Forward-Looking Statements

This letter may contain forward-looking statements that state PeopleSoft’s intentions, beliefs, expectations, or predictions for the future. Forward-looking statements often include use of the future tense, words such as “will”, “intends”, “anticipates”, expects”, and similar conditional or forward-looking words and phrases. You are cautioned that these statements are only predictions and may differ materially from actual future events or results. All forward-looking statements are only as of the date they are made and PeopleSoft undertakes no obligation to update or revise them. Forward-looking statements in this letter include those relating to PeopleSoft’s plans, expectations and

 


 

prospects for the future and other statements regarding future potential developments in the Oracle tender offer. Forward-looking statements are subject to a number of risks, assumptions and uncertainties that could cause actual results to differ materially from those projected in such forward-looking statements. These risks, assumptions and uncertainties include, but are not limited to: the costs and disruption to PeopleSoft’s business arising from the Oracle tender offer and related litigation; the Company’s ability to successfully complete the integration of J.D. Edwards into PeopleSoft and to achieve anticipated synergies; economic and political conditions in the U.S. and abroad; the ability to complete and deliver products and services within currently estimated time frames and budgets; the ability to manage expenses effectively; the ability to achieve revenue from products and services that are under development; competitive and pricing pressures; and other risks referenced from time to time in PeopleSoft’s most recent annual report on Form 10-K and subsequently filed quarterly reports on Form 10-Q, each as filed with the SEC and available without charge at www.sec.gov and www.peoplesoft.com.

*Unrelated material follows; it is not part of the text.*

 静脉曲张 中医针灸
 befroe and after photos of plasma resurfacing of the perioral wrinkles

Important Additional Information

PeopleSoft’s Board of Directors will be soliciting proxies for use at the 2005 Annual Meeting of Stockholders, and any adjournment or postponement thereof, to vote in favor of a slate of directors to be nominated by the Board of Directors and to vote on any other matters that properly come before the 2005 Annual Meeting. Promptly after filing its definitive proxy statement for the 2005 Annual Meeting with the SEC, PeopleSoft will mail the 2005 Proxy Statement and a WHITE Proxy Card to each PeopleSoft stockholder entitled to vote at the Annual Meeting.

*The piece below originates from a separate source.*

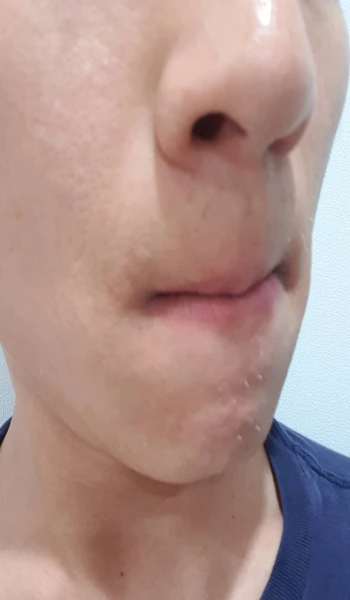 26회차 수염 제모 우측 사진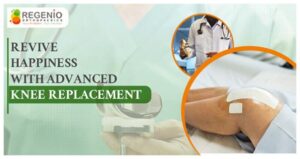 Advanced Knee Replacement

PeopleSoft has engaged Innisfree M&A Incorporated to assist it in soliciting proxies from its stockholders. PeopleSoft has agreed to pay customary compensation to Innisfree for such services and to indemnify Innisfree and certain related persons against certain liabilities relating to or arising out of the engagement. Certain representatives of Citigroup Global Markets Inc. and Goldman, Sachs & Co., financial advisors to PeopleSoft, and directors, officers and employees of PeopleSoft may solicit proxies for the 2005 Annual Meeting, although no additional compensation will be paid in connection with any such solicitation.

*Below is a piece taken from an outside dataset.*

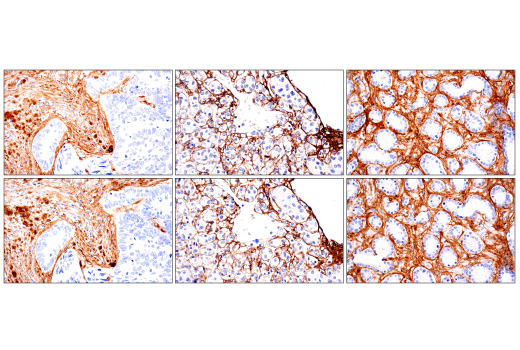 Immunohistochemistry Image 3: COL1A1 (E8F4L) Rabbit Monoclonal Antibody (BSA and Azide Free)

PeopleSoft has filed a Solicitation/Recommendation Statement on Schedule 14D-9 regarding Oracle’s tender offer that contains information regarding the potential interests of members of the Board of Directors and members of management in the tender offer. Information regarding securities ownership by certain members of the Board of Directors and certain members of management as of February 10, 2004 is contained in PeopleSoft’s definitive proxy statement for the 2004 Annual Meeting of Stockholders, dated February 20, 2004. PeopleSoft stockholders should read the Schedule 14D-9 and the 2005 Proxy Statement when it is filed with the SEC (including any amendments to such documents) because these documents contain (or will contain) important information. The 2005 Proxy Statement (when filed), the 2004 Proxy Statement, the Schedule 14D-9 and other public filings made by PeopleSoft with the SEC are available without charge from the SEC’s website at www.sec.gov and from PeopleSoft at www.peoplesoft.com.